# What the exercise asks
Return the records word for word. Any pictures in them are not part of the copy.

# Records provided
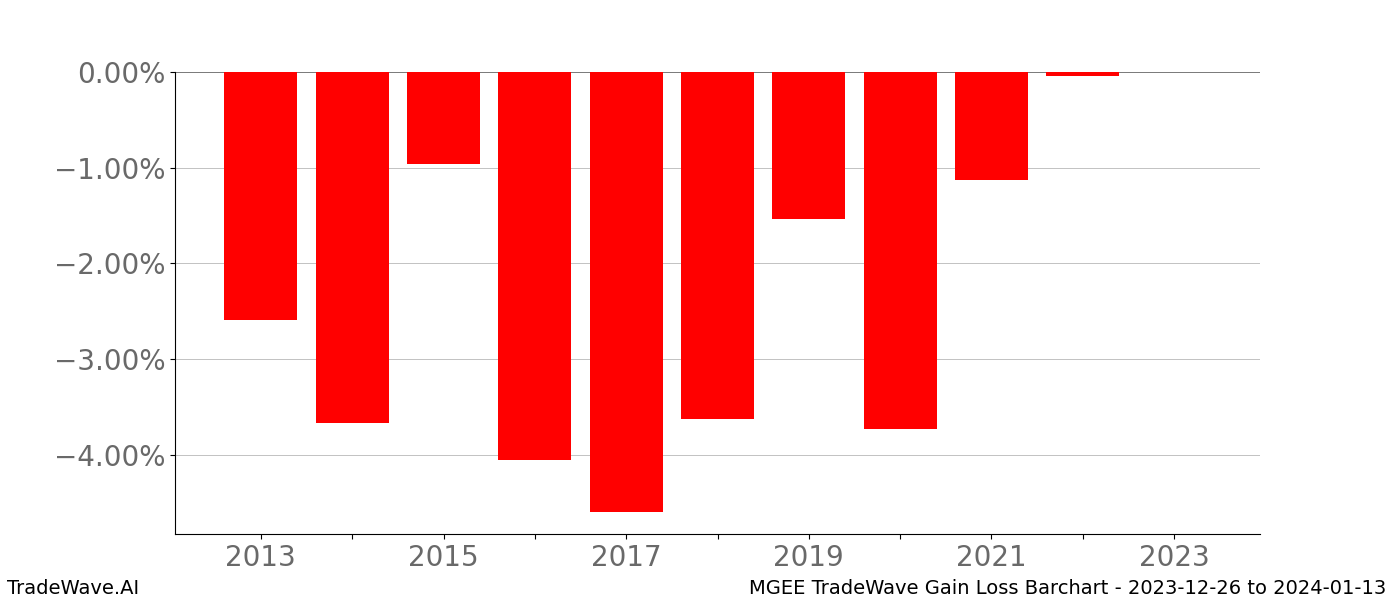 Gain/Loss barchart MGEE for date range: 2023-12-26 to 2024-01-13 - this chart shows the gain/loss of the TradeWave opportunity for MGEE buying on 2023-12-26 and selling it on 2024-01-13 - this barchart is showing 10 years of history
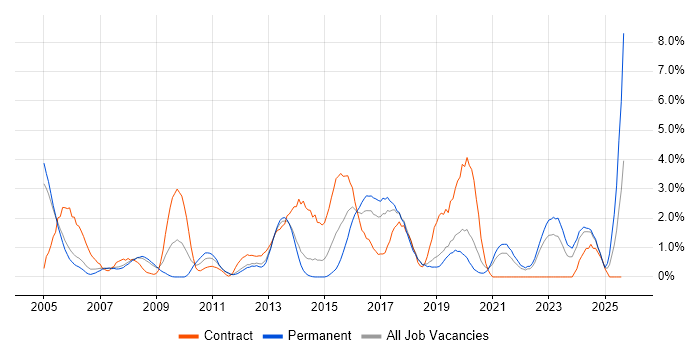 Job vacancy trend for Performance Management in Warrington Job vacancy trend for Performance Management in Warrington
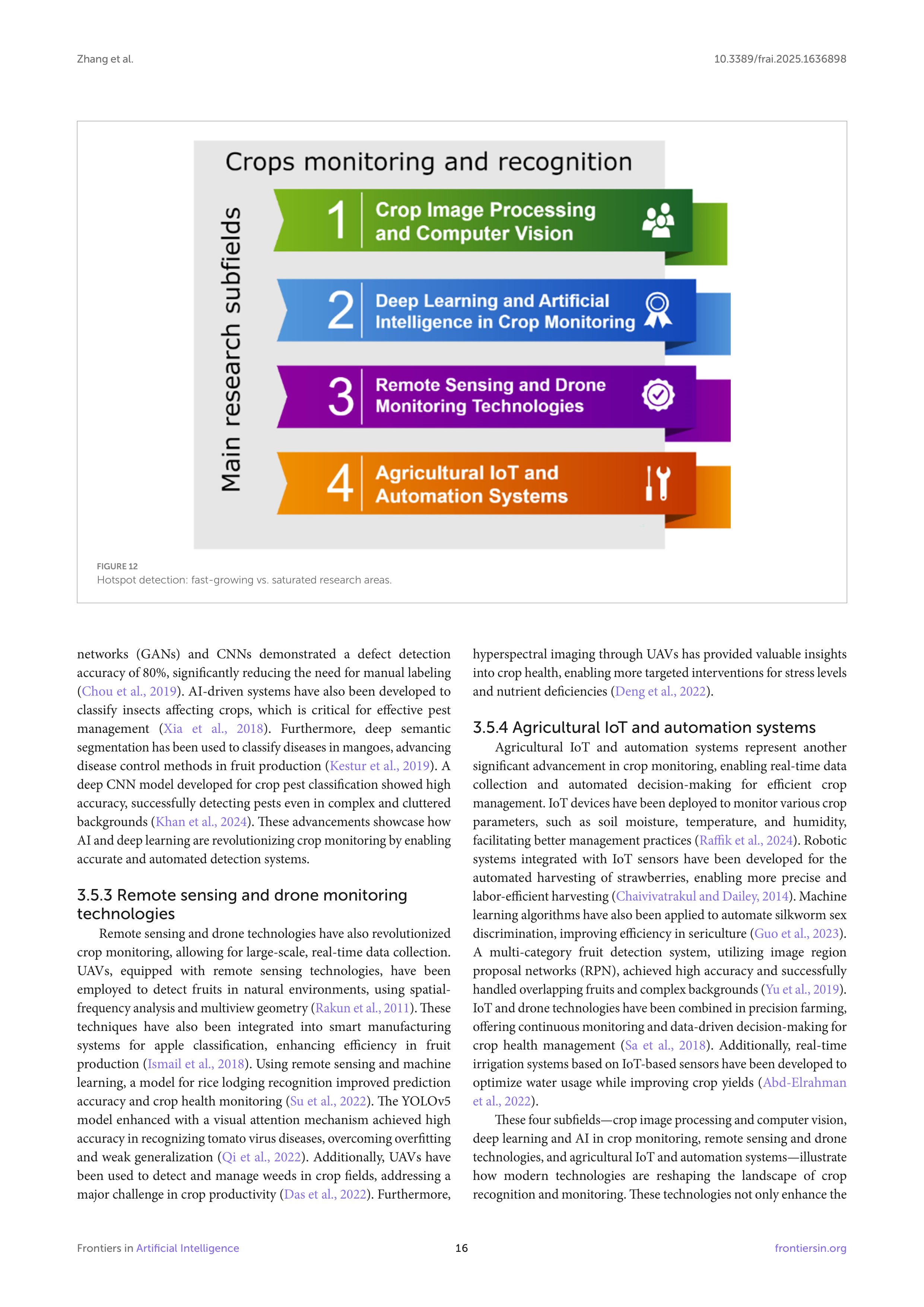 Artiﬁcial intelligence Applications in Crop Monitoring — page 16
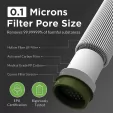 Membrane Solutions Water Filter Straw Camo MSLOESF001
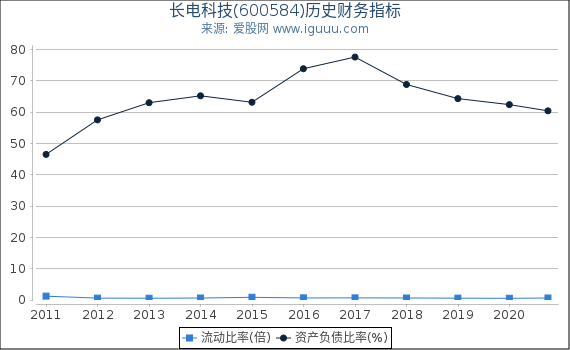 长电科技(600584)股东权益比率、固定资产比率等历史财务指标图 长电科技(600584)股东权益比率、固定资产比率等历史财务指标图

# Exercise answer
 Gain/Loss barchart MGEE for date range: 2023-12-26 to 2024-01-13 - this chart shows the gain/loss of the TradeWave opportunity for MGEE buying on 2023-12-26 and selling it on 2024-01-13 - this barchart is showing 10 years of history
 Job vacancy trend for Performance Management in Warrington Job vacancy trend for Performance Management in Warrington
 Artiﬁcial intelligence Applications in Crop Monitoring — page 16
 Membrane Solutions Water Filter Straw Camo MSLOESF001
 长电科技(600584)股东权益比率、固定资产比率等历史财务指标图 长电科技(600584)股东权益比率、固定资产比率等历史财务指标图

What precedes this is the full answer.